プロ選手の経験が社長業に活きた
1972年に静岡県で生まれた野々村社長は、サッカー王国でボールを蹴り始め、清水東高校、慶應大学を経てジェフユナイテッド市原(当時)に入団する。中盤を主戦場に活躍すると、2001年に札幌で現役生活に幕を下ろした。
プロクラブの社長に元選手が就くというのは、日本ではまだ少数派だ。しかし、プロとして人生を賭けたからこそ見えるものがある。

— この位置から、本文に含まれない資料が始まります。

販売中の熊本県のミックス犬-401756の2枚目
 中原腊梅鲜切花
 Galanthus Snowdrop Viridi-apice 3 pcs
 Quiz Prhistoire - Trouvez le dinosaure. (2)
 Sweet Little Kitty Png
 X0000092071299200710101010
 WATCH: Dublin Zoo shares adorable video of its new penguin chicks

札幌は、債務超過の解消が急務だった。単純に、選手にかける金額を減らせばすぐに解決したかもしれない。しかし、野々村社長はそれをしなかった。チーム強化が満足にできなければ試合には勝てず、それによってファン・サポーターが離れてしまうという危惧があったからだ。プロスポーツである以上、結果を出せなければそのクラブの価値は下がってしまう。
そうしたクラブの経営状況の中でも、野々村社長のプロサッカー選手としての経験が活きた。氏の現役時代、Jリーグは1年契約が普通であり、シーズンが終わればその先はどうなるかわからない。だからこそ、日々を懸命に生き、新シーズンの契約を勝ち取るために必死だった。
そうしたサバイバル精神を自然と身につけたことで、債務超過を抱える札幌の社長に就任しても同じスタンス、つまり1日、1日を無駄にしないよう日々を過ごすことができた。